Post a Comment » Written on August 24th, 2009     
Filed under: News
SEATTLE, WA (August 24, 2009) – First Covenant Church’s senior pastor, Mark Nilson, had no idea that giving worshipers an opportunity to renew their baptism would lead to a new ministry at a transition shelter and the church’s first vacation Bible school (VBS) in years, which also happened to be held in a former motorcycle store.

Following a sermon on a Sunday morning earlier this year, Nilson invited attendees to renew their baptism by coming forward and dipping their hands into a basin of water. He recalls that a Sudanese woman he had not seen before came forward, spoke out loud in her own language and then returned to her seat.

The church began to develop a relationship with the woman, who lives with four of her five children at the YWCA transitional shelter for homeless families, and soon members were taking turns driving the kids to the congregation’s Wednesday night programs.

One evening, Nilson and new Associate Pastor Carolyn Potorek were met by more than just the four children. “All of a sudden, we were surrounded by these kids saying, ‘I want to go! I want to go!’ ” Nilson says.

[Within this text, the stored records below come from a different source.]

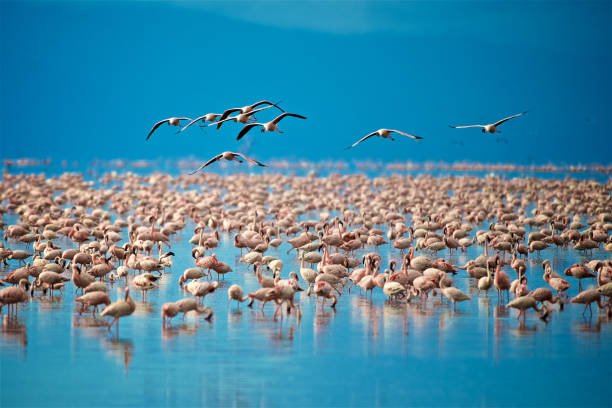Tanzania Luxury Safaris panoramic view of Lake Manyara in Tanzania with wildlife and lush landscapes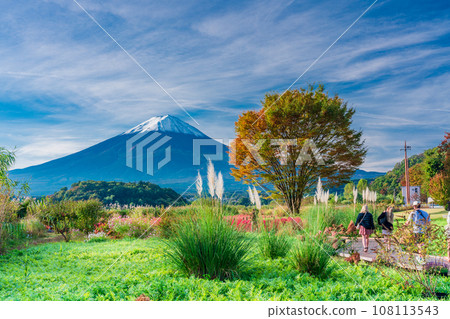 (Yamanashi Prefecture) Tourists and Mt. Fuji strolling through Kawaguchiko Oishi Park in autumn (Yamanashi Prefecture) Tourists and Mt. Fuji strolling through Kawaguchiko Oishi Park in autumn 108113543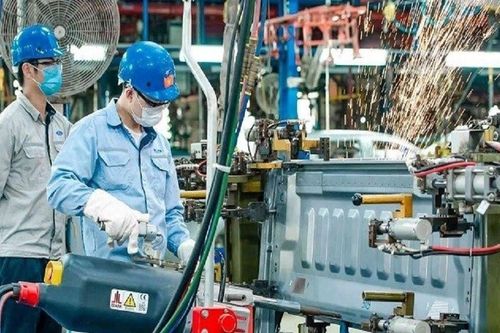 Hình bóng một con rồng châu Á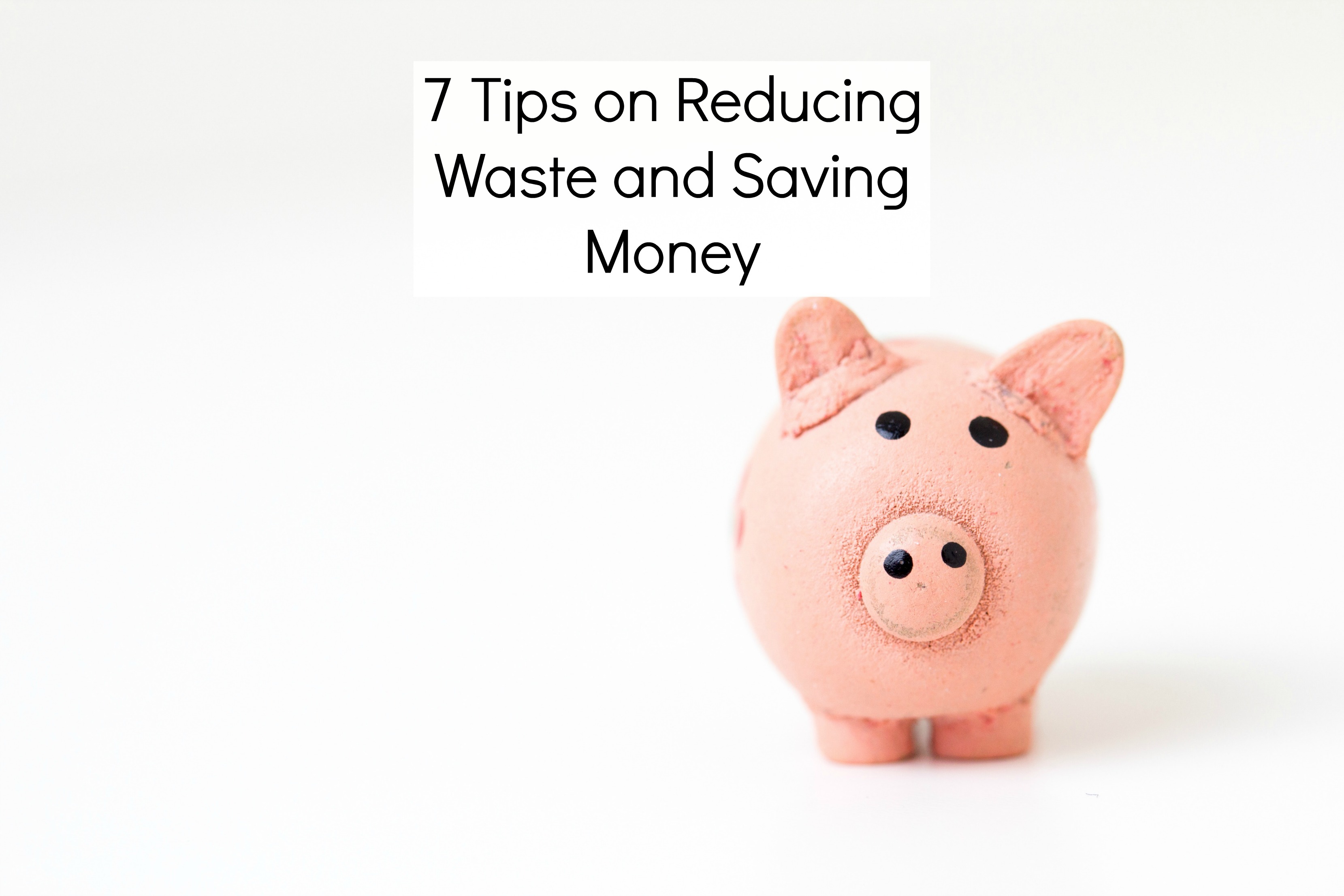 7 Tips on Reducing Waste and Saving Money Stacey in the Sticks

“We left there saying we have to do a vacation Bible school,” Nilson says. “If we had eight months to talk about doing a VBS, we probably would have talked ourselves out of it. But because we only had two months to prepare, we said let’s go for it.”

The church had not held a VBS for at least eight years because the congregation had few families with children, Nilson says. Fifty children – most of whom did not attend the church – participated in the VBS earlier this month.

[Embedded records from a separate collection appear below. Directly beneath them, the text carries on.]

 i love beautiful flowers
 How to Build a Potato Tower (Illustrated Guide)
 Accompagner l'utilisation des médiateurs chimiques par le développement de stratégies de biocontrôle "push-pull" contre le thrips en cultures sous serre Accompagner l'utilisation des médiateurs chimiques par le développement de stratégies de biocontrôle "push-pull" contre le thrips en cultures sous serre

“Most of these kids had no idea who Moses was,” Nilson says.

Nilson notes that the VBS was very urban with its multiethnic mix of participants and the lack of an outside area that many suburban churches have to set up games and other activities. Again, an unexpected event at the beginning of the year made the summer VBS possible.

First Covenant owns a parking garage next door that includes 12,000 square feet of storefront space that had been rented by a motorcycle dealership. The space, which had been leased to the company for 15 years, became available unexpectedly at the beginning of 2009, when the business suddenly closed.

“It was like the rapture happened,” Nilson says. “Paperwork was on peoples’ desks, computers were on, files were open.”

The next day the motorcycle company picked up their merchandise, and the capital company that owned the other assets auctioned them.

“They left it just a wreck, though,” Nilson adds. The congregation had spent a lot of time cleaning and remodeling the space. “It was just kind of a blank canvas, and we’ve been praying about what we should do with it,” Nilson says.

The space proved to be perfect for the VBS. As a result, the kids were able to play just about any game that would have been possible outside, Nilson says. “It was an incredible thing to send our kids over there so that the kids could play kickball.”

The VBS also gave the church greater visibility to the community. Because the storefront has large windows, people walking along the busy Pike Street, where the church is located, saw the activities and stopped to ask what was happening.

What had been the repair shop area for the motorcycle store was transformed into an ideal space for arts and crafts, Nilson adds.

Nilson doesn’t think the church would talk itself out of doing another VBS. “It was chaotic, and crazy and out of control, but absolutely wonderful.”